Aert de Gelder, “Simeon's Song of Praise”, c. 1705
Aert de Gelder, “Simeon's Song of Praise”, c. 1705 (photo: Public Domain)

The expression “to post-partum like a boss” is used a lot in the Catholic mom blogging sphere, and is used to emphasize the importance of a mother giving herself time to rest and recover from delivering a baby. The physical recovery after birthing a baby is long, lasting many weeks and, for some women, months. When a mom is able to post-partum like a boss, she can take time to recover while caring for her baby. She spends her days and nights sleeping, eating, feeding, changing diapers, and soaking that newborn in. This time does not suddenly come to an end, but she eases slowly from her life of complete devotion to that baby back into the daily routine required of her full vocation. But the initial couple of weeks ideally give her time to recover and fall in love with her new baby.

One of the things I love about the old, traditional liturgical calendar is the season after Epiphany. Instead of jumping back into Ordinary Time two weeks after Christmas, it gives one a longer time to linger with the Mother and Child. A new mother does not go immediately back to ordinary life after a two-week respite, but the reality is that she can never go back to the time before she was the mother of this child. The fact of this new person in her life is one that will not end. Caring for a baby is a never-ending task with the many feedings, the diaper changes, the short stretches of sleep, and any fussiness due to a baby’s personal temperament or physical ailments. The breathing, eating baby in a mother’s arms changes her life forever. It becomes her new ordinary, and ideally, this new ordinary is one in which she learns to give of herself for the good of another.
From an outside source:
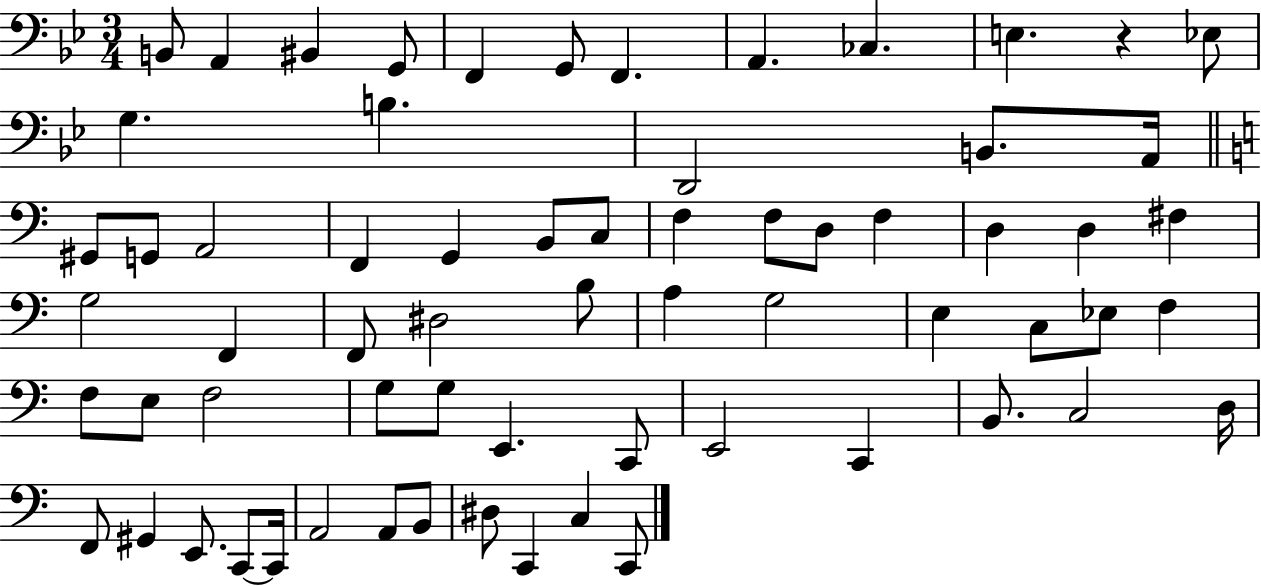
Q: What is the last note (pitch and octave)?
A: C2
If Advent is a time of penance and preparation for Christmas, this time after the hum and celebration of Christmas has passed is time to really get to know that Infant King. The parties are over, the shepherds are back in the fields, the magi have departed, and Our Lady waits for her Purification, a feast the Church celebrates on February 2. She waits with her child in her arms. Her knowledge of and love for her God-child, whom she carried inside her for nine months, depends with each passing hour. She studies his little face. She feeds him at her breasts. She cleans him. She savors every moment, drinking in that newborn smell. And this time is one I like to join in, for the Infant King was also born for me to know and love. I spent Advent praying with Our Lady in her expectancy, and I like to spend these comparatively quiet weeks after Christmas with the Blessed Mother still.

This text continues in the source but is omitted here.